Task statement: Quote word for word the lines starting at the line with "Polistes gigas" and ending at the final line of the entries. Leave out any pictures.

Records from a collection
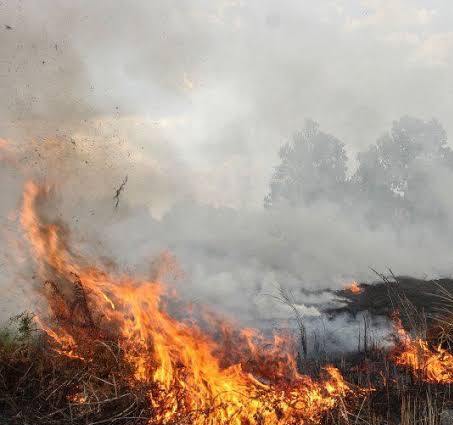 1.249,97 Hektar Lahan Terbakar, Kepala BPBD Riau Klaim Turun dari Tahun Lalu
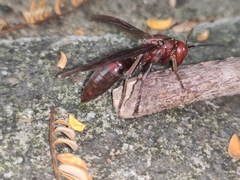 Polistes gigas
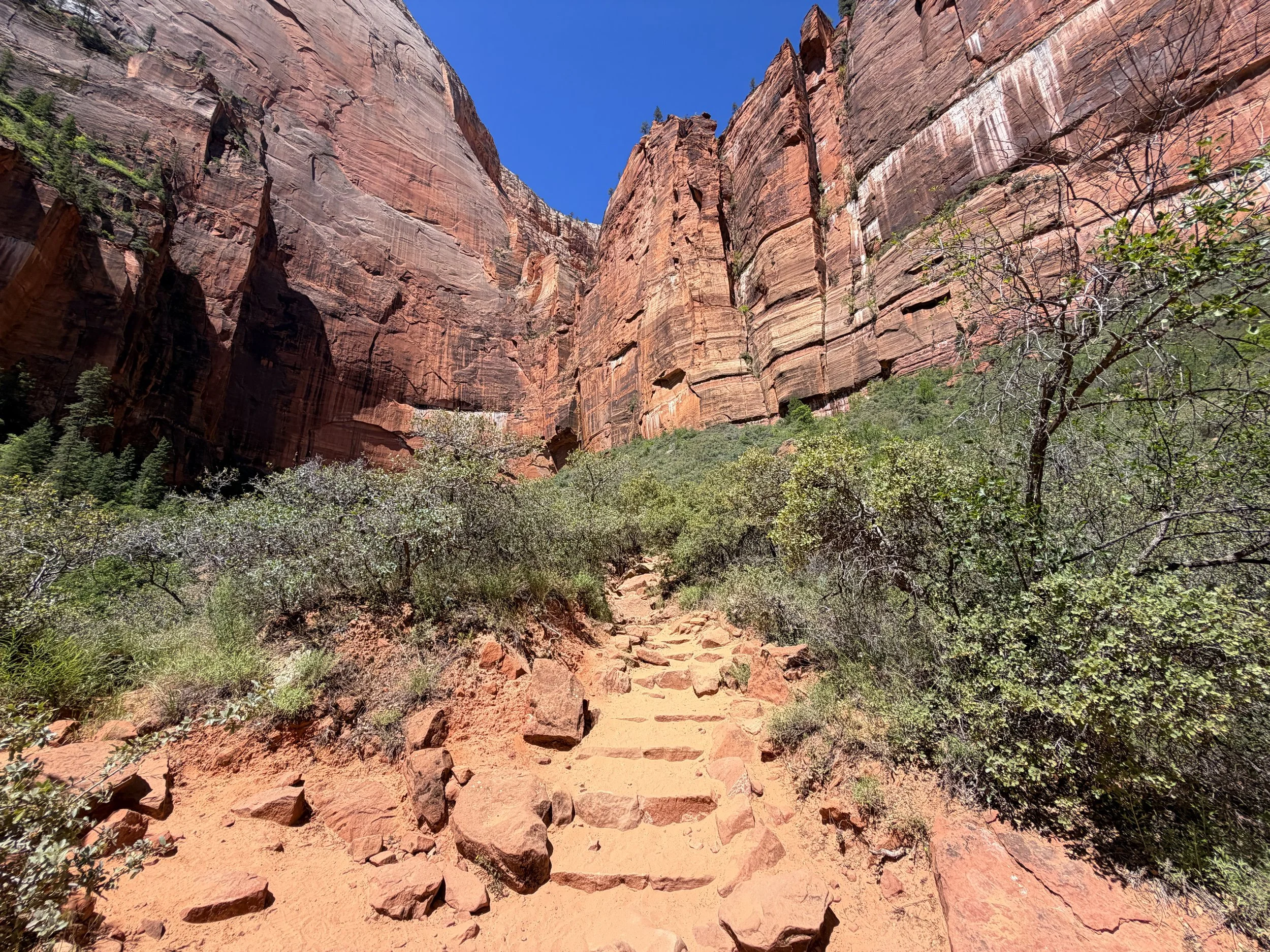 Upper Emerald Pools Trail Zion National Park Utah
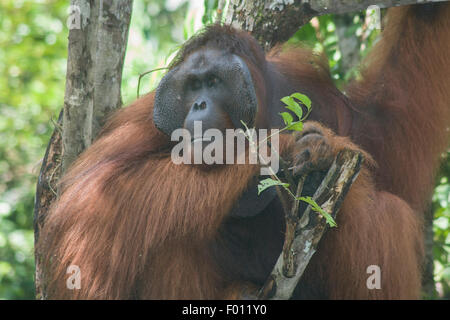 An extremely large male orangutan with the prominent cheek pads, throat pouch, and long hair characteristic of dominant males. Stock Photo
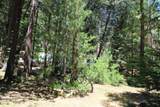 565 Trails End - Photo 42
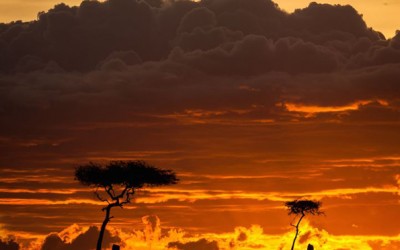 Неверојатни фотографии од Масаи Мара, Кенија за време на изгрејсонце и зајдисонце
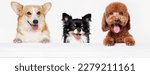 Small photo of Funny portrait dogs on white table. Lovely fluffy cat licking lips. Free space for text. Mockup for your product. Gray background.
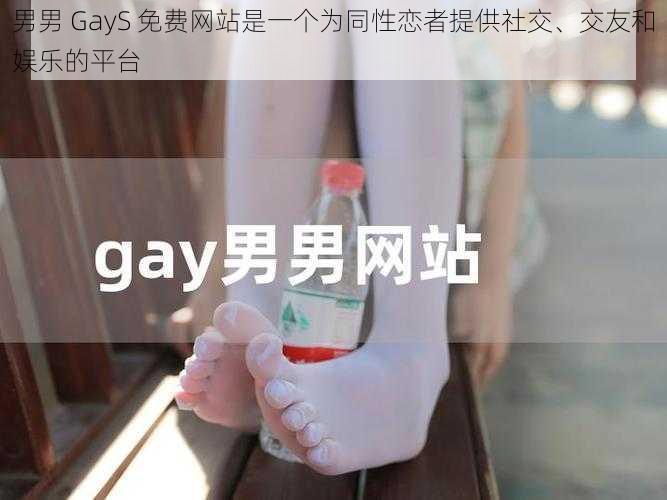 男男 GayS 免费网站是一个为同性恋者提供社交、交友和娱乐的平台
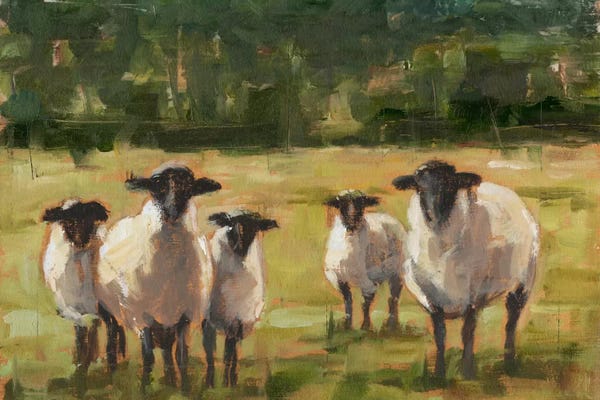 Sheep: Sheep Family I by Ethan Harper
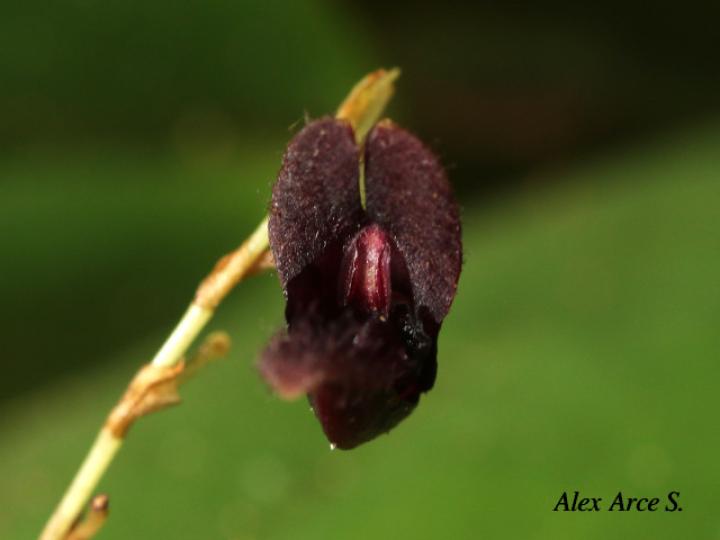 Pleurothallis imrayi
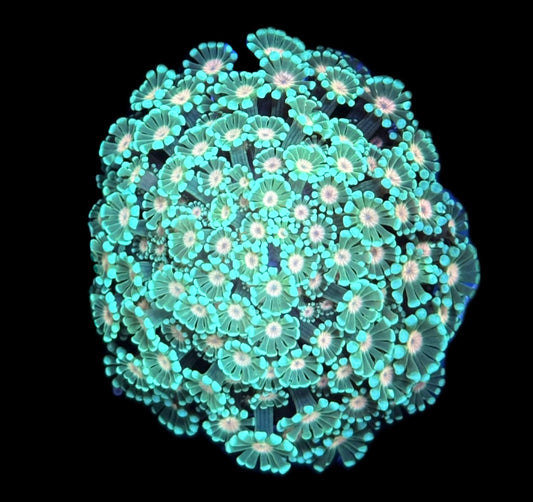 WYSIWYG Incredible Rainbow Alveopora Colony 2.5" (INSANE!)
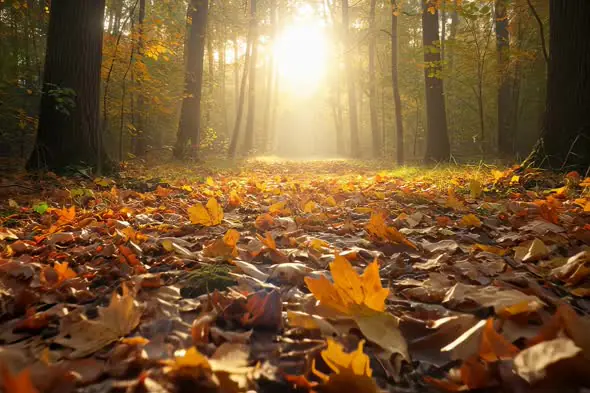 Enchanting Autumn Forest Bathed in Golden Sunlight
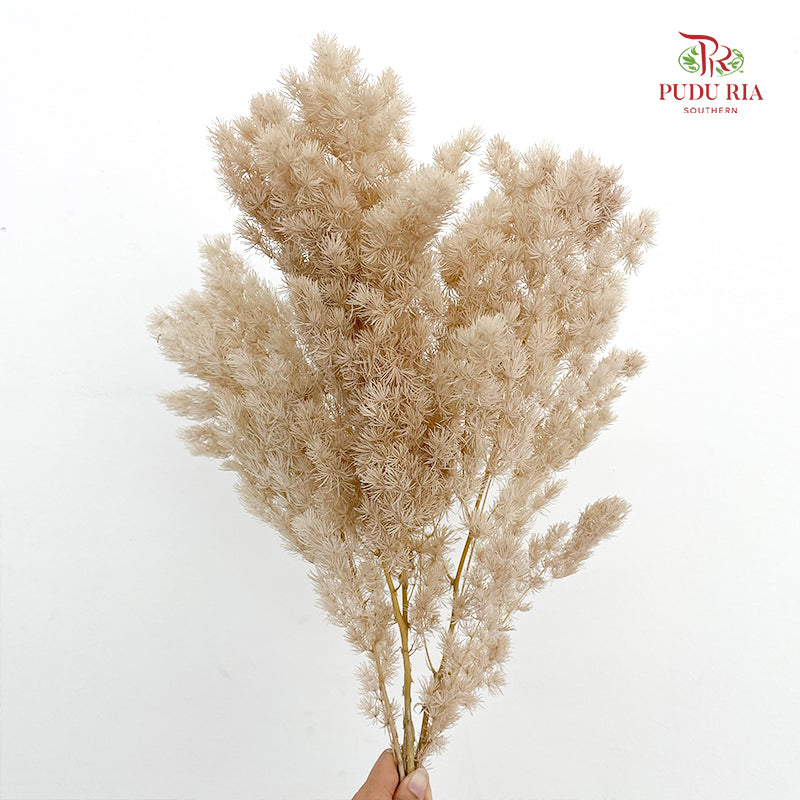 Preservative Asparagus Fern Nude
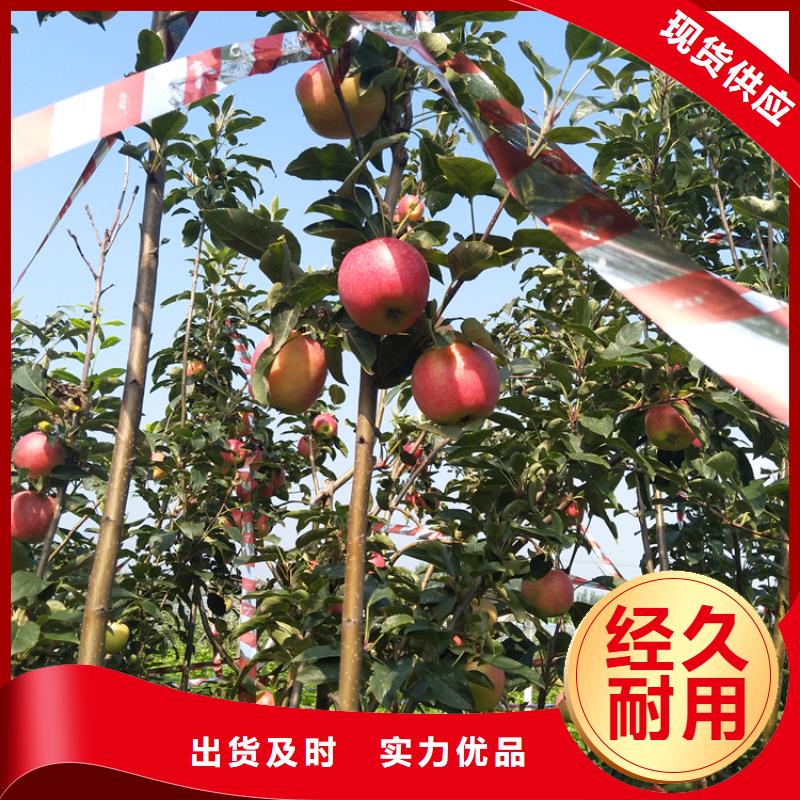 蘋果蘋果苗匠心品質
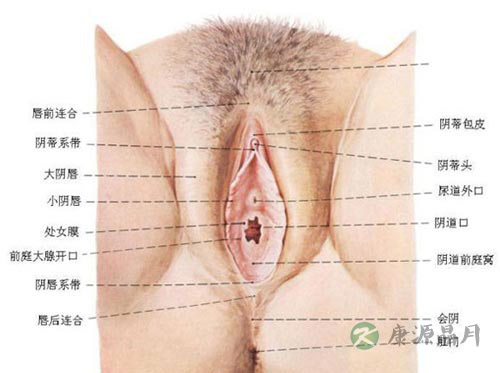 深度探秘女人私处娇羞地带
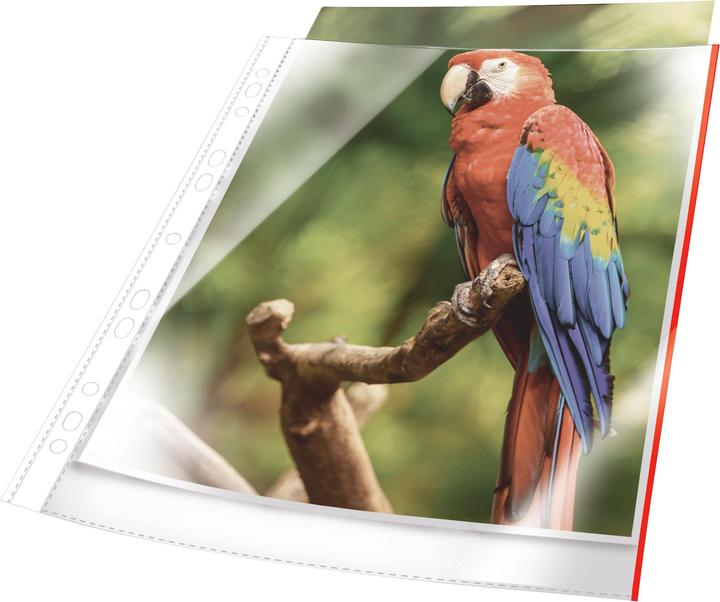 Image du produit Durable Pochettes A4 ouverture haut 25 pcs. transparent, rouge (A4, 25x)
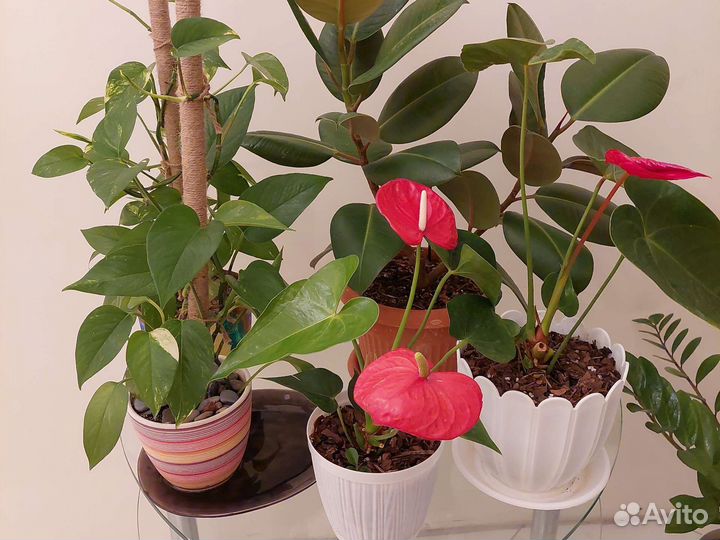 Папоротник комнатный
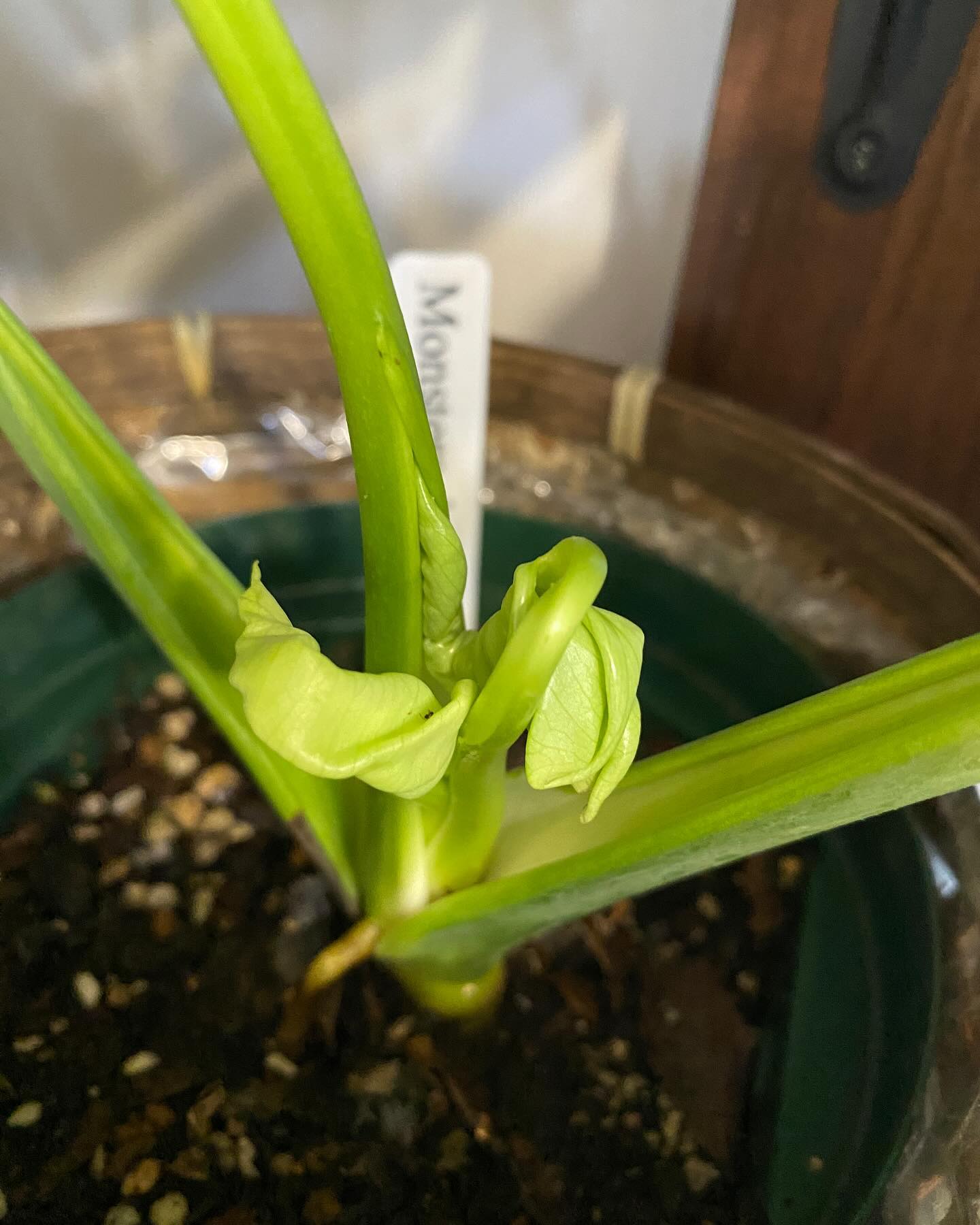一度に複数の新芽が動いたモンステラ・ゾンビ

Written answer:
 Polistes gigas
 Upper Emerald Pools Trail Zion National Park Utah
 An extremely large male orangutan with the prominent cheek pads, throat pouch, and long hair characteristic of dominant males. Stock Photo
 565 Trails End - Photo 42
 Неверојатни фотографии од Масаи Мара, Кенија за време на изгрејсонце и зајдисонце
 Small photo of Funny portrait dogs on white table. Lovely fluffy cat licking lips. Free space for text. Mockup for your product. Gray background.
 男男 GayS 免费网站是一个为同性恋者提供社交、交友和娱乐的平台
 Sheep: Sheep Family I by Ethan Harper
 Pleurothallis imrayi
 WYSIWYG Incredible Rainbow Alveopora Colony 2.5" (INSANE!)
 Enchanting Autumn Forest Bathed in Golden Sunlight
 Preservative Asparagus Fern Nude
 蘋果蘋果苗匠心品質
 深度探秘女人私处娇羞地带
 Image du produit Durable Pochettes A4 ouverture haut 25 pcs. transparent, rouge (A4, 25x)
 Папоротник комнатный
一度に複数の新芽が動いたモンステラ・ゾンビ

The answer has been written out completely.